There is an unmistakable stamp on Jane Campion films. They are all beautifully shot, hauntingly slow, have a brilliant star cast, and the stories often reflect visceral, unsaid, emotional conflicts between the sexes. More than anything else, it is the visual detailing of her movies that lingers long after we have seen it. Who can forget those slow and caressing shots of the marshy New Zealand landscapes in ‘The Piano”, and the oozing lush-green wetness that literally drips off the screen into the viewer’s visual field? Jane campion’s cinematic magic lies in her ability to evoke different shades of moods visually first, and then allow the characters to blend and seep into the scene. There is a reason why Campion is considered one of the finest directors of the modern era. She understands the depth, beauty, and possibilities of the moving camera like very few do, and therefore, her work over the last forty years, is a testament to her, outstanding ability to bring the innermost kernel of the story visually alive on screen, and more than anything else, her subtle knack of drawing the viewer gently, without coercion, into the thick of the narrative, giving them an inside-out view of the unfolding drama. I like to compare Campion’s movies to Wordsworthian poems or Vermeer paintings—defiantly romantic, vibrantly lush, richly detailed, deeply sensitive, and aesthetically refined.
Jane Campion’s “The power of the dog” is currently streaming on Netflix, an adaptation of Thomas Savage’s 1977 novel by the same name. This is Campion’s first movie in the last ten years. She usually takes her time making one. The power of the dog is set in the early twentieth century at a ranch in sprawling Montana, overlooking a series of undulating hills that teases the eyes with its camouflage of light and shadows. The story is about two brothers who run the Ranch. They are cowboys, the younger brother Phil (played by the brilliant Benedict Cumberbatch) is rugged, manly, true to the frontier American blood who likes to castrate horses with his bare hands, swim naked and alone in the pond, and twine ropes from strips of cowhides; George the elder, on the other hand, is soft-spoken, cultivated, and refined, in contrast. The 1930s, the period this story is set in, was a period of transition from horses to Model T Ford’s, and Campion reminds us of these transitional times when America was moving away from the soil to the cities, by constantly juxtaposing the animal and the machine throughout the film. This contrast is also significant in the context of the characters in the story – the civilized versus the savage. George marries and brings home Rose and her grown-up teenage son Peter, who is studying to be a doctor. Phil doesn’t take well to Rose. He believes the quiet masculine camaraderie between the brothers is threatened by this feminine presence. The changing contours of the relationship between Phil and Rose, the slow deterioration of Rose’s stability and descent into alcoholism, and the final repudiation and removal of Phil’s emotional stranglehold over Rose, and Rose’s redemption, form the arch of the movie.
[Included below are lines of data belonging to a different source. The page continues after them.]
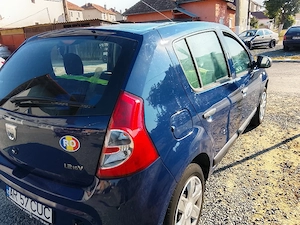 Dacia Sandero 1, 2 16V benzina dotări full AC 2009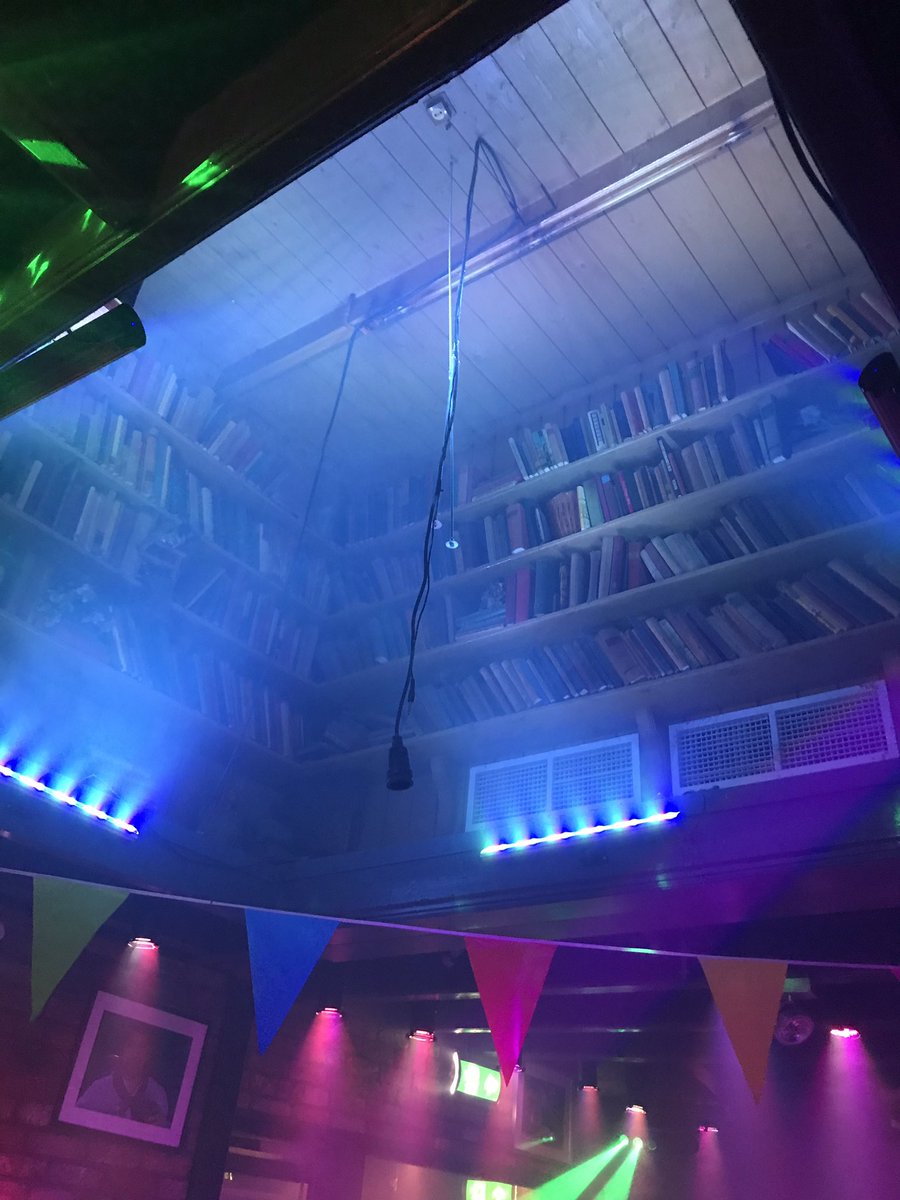RH_Scholten's tweet image. Nog even en het dak gaat eraf #debieb met @ancoranl @speakerJannes bij @Grevelingadvies #50 #party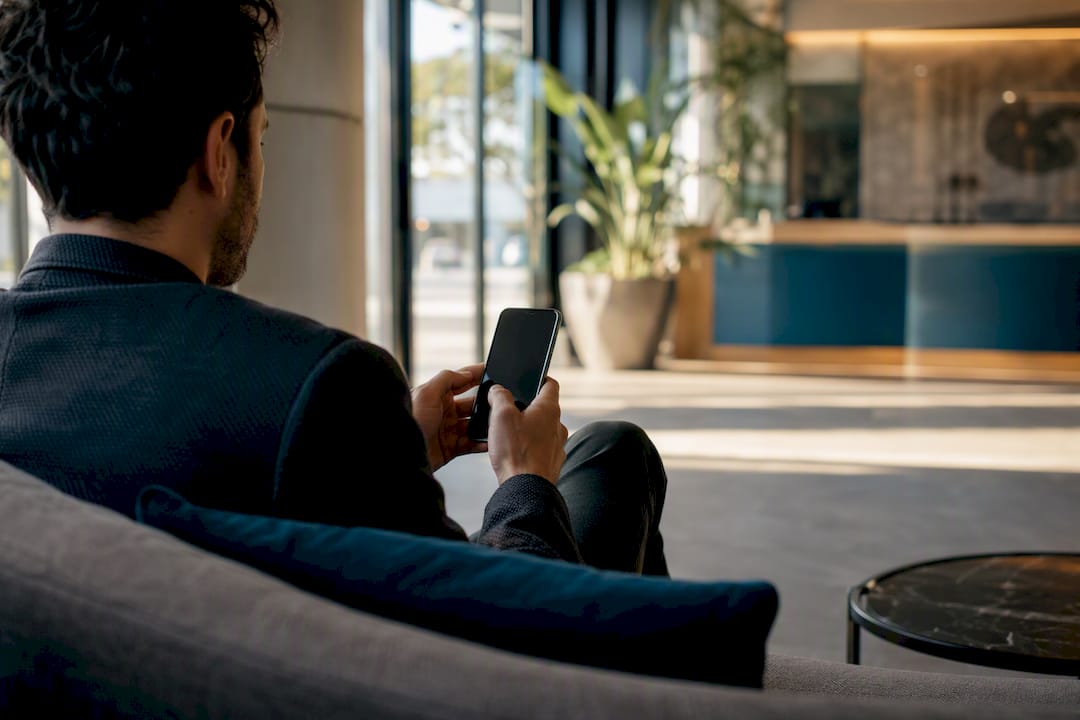 Hotel check-in online: come saltare la fila e arrivare in stanza subito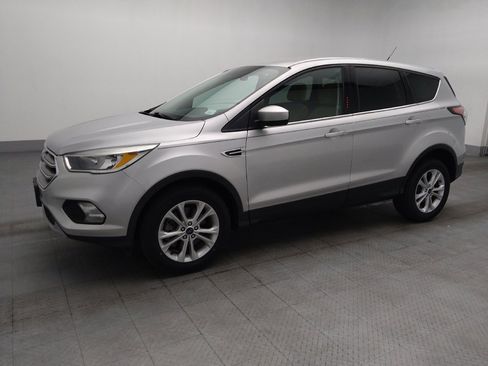 Used 2017 Ford Escape SE FWD image 2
The title ‘The power of the dog’ is derived from the Christian tradition, In King James’ Bible, Psalm 22:20 reads, “Deliver my soul from the sword; my darling from the power of the dog’. There are various interpretations of what this could mean. Some scholars claim this was a lament by King David to save his life (“my darling” indicates his life) from his enemies, others claim this verse is related to Queen Esther of Persia, and a few more take this to be a prophecy of Christ’s crucifixion. However, in popular Christian legends, dogs represent the forces of evil, the machinations of Satan. Remember the howling dogs in the movie Exorcist, and the black and menacing pet the young Damian has in The Omen, or Stephen King’s popular novel Cujo. Jane campion refers to this verse just once in the movie, when Peter (Rose’s son) is shown reading the verse from the Bible in his bedroom. The camera zooms into this verse. By this time, the viewer has an inkling of what this verse could mean in the context of the movie, without the need for a theological explanation. That is the beauty of Campion’s direction.
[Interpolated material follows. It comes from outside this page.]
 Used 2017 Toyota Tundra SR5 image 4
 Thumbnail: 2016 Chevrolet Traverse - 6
What makes ‘The power of the dog” click is the intensity packed into each frame. Every scene is laid out so well: The vastness of the prairies, the masculinity of the ranchers, the physical spaces between the characters that exacerbate emotional warfare, the beauty and solemnity of the landscape that acts a backdrop to the human drama, the brooding sadness in the passing away of a lifestyle, the nostalgia of a machine-free life and its intimate harmony with the rhythms of nature. Campion is a master in portraying the conflict between the sexes. Without any physical violence, she can create an atmosphere of intense unrest and palpable tension. When Phil and Rose accidentally cross paths in a few scenes, we feel the heat, the forces of attraction and repulsion working over a distance. We are inundated by the emotional violence they project, which is far more intense than anything a physical act of violence can ever generate. Both Cumberbatch and Kirsten Dunst have done a brilliant job in bringing it all together on screen.
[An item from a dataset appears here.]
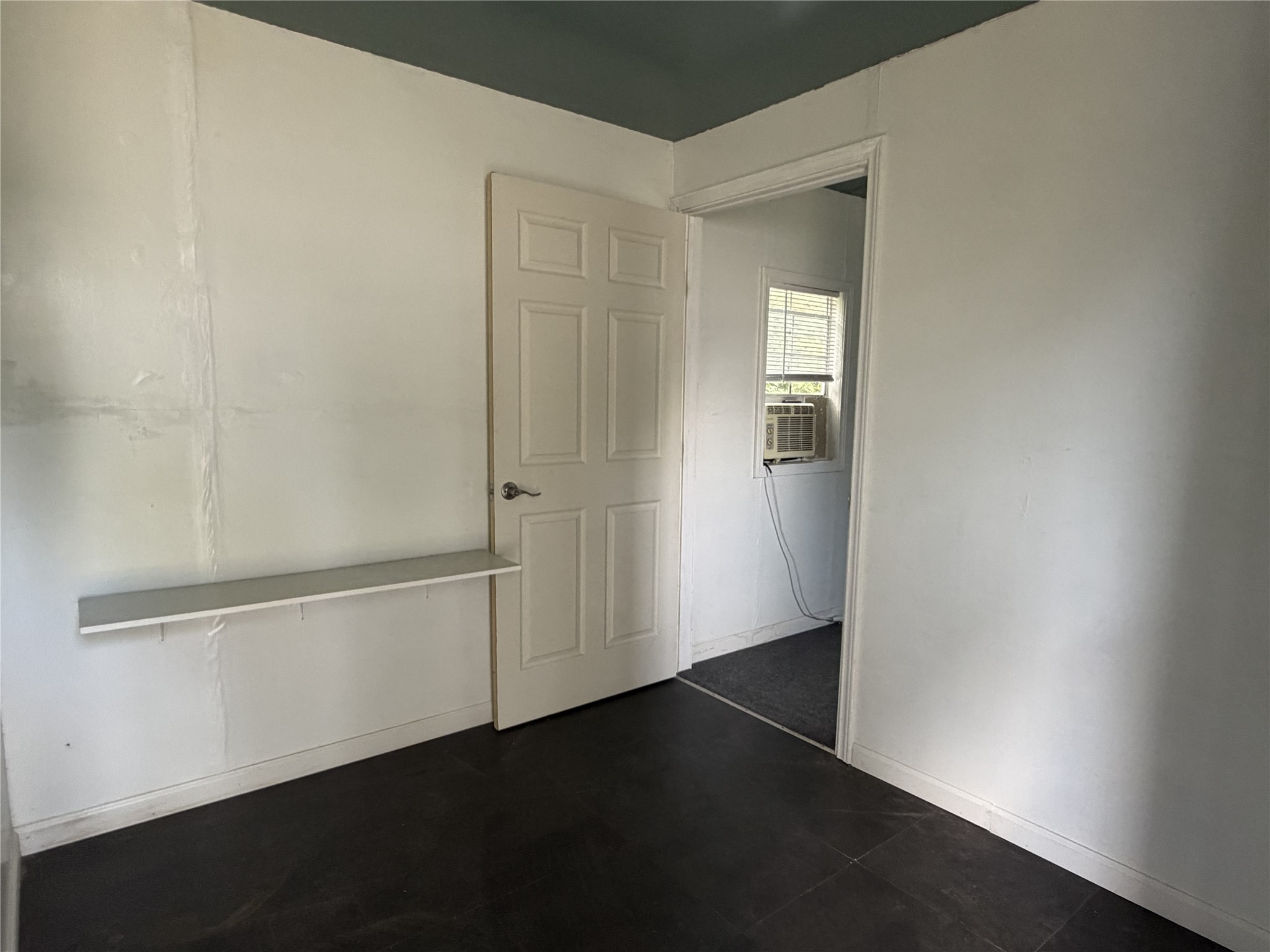1028 Dr Martin Luther King Drive Property Photo 6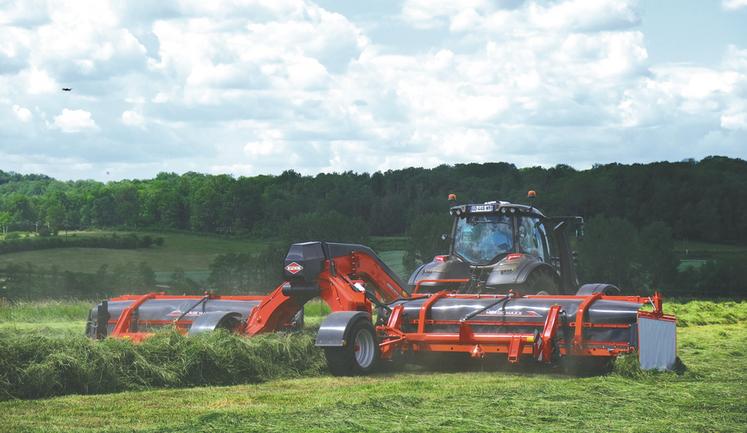 Situé en haut de la gamme, le Merge Maxx 1090 de Kuhn offre une largeur de travail de 11 mètres en andain central.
Like all Campions movies, the pace of ‘The power of the dog’ is slow. Campion never hurries her narratives. Every frame is complete, fulfilling, and meaningful. Her movies are not for restless viewers hoping to pass time on a wintery afternoon. The viewer has to willingly participate in the drama, lose themselves in her spectacular visuals, and become an insider in the story, along with the characters. Only then, will the work reveal itself? Just as great works of literature can leave the reader satisfied and tired at the same time, Campion’s movies demand our full attention.
Highly recommend “The power of the dogs”. This is how movies should be – a work of love, labor, meaning, and aesthetic brilliance.
We in India have a different way of writing. We are to the point and we make the reader get a feel of “being right in there” In this context, I am rather unable to comprehend what exactly is tried to be conveyed by this writing from across the world. To be precise, what exactly the horse has achieved while being the companionship of the two brothers and the son is left to the imagination and visualization. The citing of the charecter of the dog in the movie Omen is in a way a sort of a guardian but there are no scenes o “love to the master” – an underlying trait in dogs-in the entire movie.All the same this way of writing is also an art of actually saying nothing but raising the expectation as the writing progesses.
To summarize, I feel that I have been challenged very much as the “undulating hills that teases the eyes with its camouflage of light and shadows”. Whetever it is, It was a different world into which I was transported reading through
Thanks, Dr. SS. Appreciate your note.